▶ Assigned task
Below is a listing. Write out exactly its lines between the one holding "Американо Lavazza" and the one holding "Subaru ADR Logo", inclusive.

Exercise material START

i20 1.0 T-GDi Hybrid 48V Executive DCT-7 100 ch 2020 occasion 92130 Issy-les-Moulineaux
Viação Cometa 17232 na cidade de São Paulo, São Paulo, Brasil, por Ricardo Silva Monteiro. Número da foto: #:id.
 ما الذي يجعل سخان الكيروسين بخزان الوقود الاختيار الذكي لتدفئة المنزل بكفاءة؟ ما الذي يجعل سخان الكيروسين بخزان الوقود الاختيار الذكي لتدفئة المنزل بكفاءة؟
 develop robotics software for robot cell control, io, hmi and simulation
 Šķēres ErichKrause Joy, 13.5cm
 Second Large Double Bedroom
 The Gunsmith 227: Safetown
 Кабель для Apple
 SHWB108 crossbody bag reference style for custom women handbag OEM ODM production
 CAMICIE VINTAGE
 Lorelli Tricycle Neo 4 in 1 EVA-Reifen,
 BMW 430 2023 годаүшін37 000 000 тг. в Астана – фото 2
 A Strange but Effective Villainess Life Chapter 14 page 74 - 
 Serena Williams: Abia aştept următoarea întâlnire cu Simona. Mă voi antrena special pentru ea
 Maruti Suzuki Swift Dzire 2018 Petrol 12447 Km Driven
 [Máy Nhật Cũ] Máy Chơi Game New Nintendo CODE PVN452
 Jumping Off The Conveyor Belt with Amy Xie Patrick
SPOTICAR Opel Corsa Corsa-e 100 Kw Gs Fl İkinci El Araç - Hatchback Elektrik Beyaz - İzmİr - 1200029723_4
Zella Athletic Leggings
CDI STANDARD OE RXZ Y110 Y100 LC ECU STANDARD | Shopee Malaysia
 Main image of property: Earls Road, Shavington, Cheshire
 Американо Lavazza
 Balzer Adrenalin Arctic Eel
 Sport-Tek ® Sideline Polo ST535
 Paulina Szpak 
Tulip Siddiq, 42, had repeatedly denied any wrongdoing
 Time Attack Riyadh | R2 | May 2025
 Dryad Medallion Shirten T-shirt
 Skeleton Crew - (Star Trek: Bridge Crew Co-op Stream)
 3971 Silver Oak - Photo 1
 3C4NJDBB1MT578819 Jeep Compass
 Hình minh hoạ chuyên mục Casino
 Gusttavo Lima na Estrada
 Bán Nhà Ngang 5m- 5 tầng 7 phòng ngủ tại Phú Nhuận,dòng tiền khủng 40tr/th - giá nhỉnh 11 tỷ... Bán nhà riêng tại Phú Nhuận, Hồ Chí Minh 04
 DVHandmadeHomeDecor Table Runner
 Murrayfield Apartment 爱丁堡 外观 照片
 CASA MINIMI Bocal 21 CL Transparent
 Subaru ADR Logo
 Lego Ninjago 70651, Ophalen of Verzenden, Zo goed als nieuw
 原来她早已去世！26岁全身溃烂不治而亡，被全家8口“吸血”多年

Exercise material END

▶ Task response
 Американо Lavazza
 Balzer Adrenalin Arctic Eel
 Sport-Tek ® Sideline Polo ST535
 Paulina Szpak 
Tulip Siddiq, 42, had repeatedly denied any wrongdoing
 Time Attack Riyadh | R2 | May 2025
 Dryad Medallion Shirten T-shirt
 Skeleton Crew - (Star Trek: Bridge Crew Co-op Stream)
 3971 Silver Oak - Photo 1
 3C4NJDBB1MT578819 Jeep Compass
 Hình minh hoạ chuyên mục Casino
 Gusttavo Lima na Estrada
 Bán Nhà Ngang 5m- 5 tầng 7 phòng ngủ tại Phú Nhuận,dòng tiền khủng 40tr/th - giá nhỉnh 11 tỷ... Bán nhà riêng tại Phú Nhuận, Hồ Chí Minh 04
 DVHandmadeHomeDecor Table Runner
 Murrayfield Apartment 爱丁堡 外观 照片
 CASA MINIMI Bocal 21 CL Transparent
 Subaru ADR Logo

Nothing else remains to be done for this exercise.